Current photography kit
My photography kit currently consists of my phone (HTC One M8*) and a Canon compact (G7X*). This is my second compact with manual settings, I bought the first one (Nikon P300*) so I could try manual settings without having to carry a dSLR but unfortunately gave it a few too many bangs so the lens motor failed.
As I’ve used manual settings for a few years I understand the concept of the relationship between Shutter speed, Aperture size and Iso setting, and if you change one you need to change at least one of the others to retain the correct exposure (assuming the setting to be photographed doesn’t change). For example if you increase the aperture size, so more light can go in, you will need to reduce the shutter speed, to reduce the time light can go in, otherwise the picture will be overexposed. The art of photography comes from choosing the setting to achieve the photograph you want (short shutter for defined drops of water, longer shutter for blurred water flow) and then balancing the other settings.

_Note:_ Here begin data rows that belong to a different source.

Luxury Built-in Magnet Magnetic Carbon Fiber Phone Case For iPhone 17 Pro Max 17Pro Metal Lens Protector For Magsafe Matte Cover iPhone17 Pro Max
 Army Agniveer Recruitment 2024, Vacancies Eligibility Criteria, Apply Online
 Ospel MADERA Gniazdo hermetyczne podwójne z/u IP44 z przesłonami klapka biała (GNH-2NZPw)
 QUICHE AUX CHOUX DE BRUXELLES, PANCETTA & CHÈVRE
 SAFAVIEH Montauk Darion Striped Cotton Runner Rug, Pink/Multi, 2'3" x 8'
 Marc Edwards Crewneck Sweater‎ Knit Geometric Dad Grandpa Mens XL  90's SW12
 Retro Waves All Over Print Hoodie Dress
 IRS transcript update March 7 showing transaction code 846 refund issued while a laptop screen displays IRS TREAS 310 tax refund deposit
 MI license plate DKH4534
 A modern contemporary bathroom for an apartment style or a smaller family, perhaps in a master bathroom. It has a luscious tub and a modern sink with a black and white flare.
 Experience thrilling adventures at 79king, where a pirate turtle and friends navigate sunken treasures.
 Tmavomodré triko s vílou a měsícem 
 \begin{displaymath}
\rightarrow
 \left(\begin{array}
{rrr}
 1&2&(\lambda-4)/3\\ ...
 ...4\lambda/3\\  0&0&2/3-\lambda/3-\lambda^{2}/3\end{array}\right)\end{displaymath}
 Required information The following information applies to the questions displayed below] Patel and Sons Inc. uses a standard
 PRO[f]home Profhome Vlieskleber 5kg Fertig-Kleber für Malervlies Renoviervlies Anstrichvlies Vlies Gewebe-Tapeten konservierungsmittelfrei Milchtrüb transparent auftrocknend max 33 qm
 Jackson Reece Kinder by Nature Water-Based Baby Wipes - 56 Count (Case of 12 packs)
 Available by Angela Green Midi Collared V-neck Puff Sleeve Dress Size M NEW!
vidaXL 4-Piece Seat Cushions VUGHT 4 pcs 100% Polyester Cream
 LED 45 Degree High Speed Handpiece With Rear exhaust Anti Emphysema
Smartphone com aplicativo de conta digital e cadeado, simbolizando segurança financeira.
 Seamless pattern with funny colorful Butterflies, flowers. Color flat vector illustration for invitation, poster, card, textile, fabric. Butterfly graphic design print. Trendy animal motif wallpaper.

So I understand the theory, but I do not find it easy to implement, I either move dials until I get what I want, or freeze and change the dial to automatic setting. Although I am getting better.
A great thing about the Nikon school is the inspiration around you; everywhere you look there are amazing photographs from the Nikon Ambassadors. And I have a new favourite photographer Kate Hopewell-Smith because of this picture (sorry about my reflection). I’m going to imagine that my daughter and I would look just like this if we had a session with her!
The key things I learnt about food photography are:
- good to have large aperture (small f number) so there is shallow depth of field meaning the background blurs
- nice to fill the frame when showing details of the food
- setting the white balance is important to show the true colours of the food
- macro lens is useful to get sharp close up focus
Here are some of the photographs I took during the workshop.
dSLR, compact or phone?
This was the first time I’ve felt a desire to have a dSLR. However, the big question is would I use it if I had one? I think if I was taking photos of food or products at home it would be easy to decide on the dSLR, but I tend to take snapshots of the people I’m with or the place we’re visiting and use them to make scrap pages so I can share our memories. The best camera is the one you have with you, so my phone and compact have a big advantage as they fit in my pocket or handbag. I’m concerned about the extra weight and size of dSLR; is it worth carrying it for the level of my ability? But then will my ability develop if I don’t challenge myself with a more advanced camera?
How do you approach photography? Do you use compact or dSLR? What would you like to use?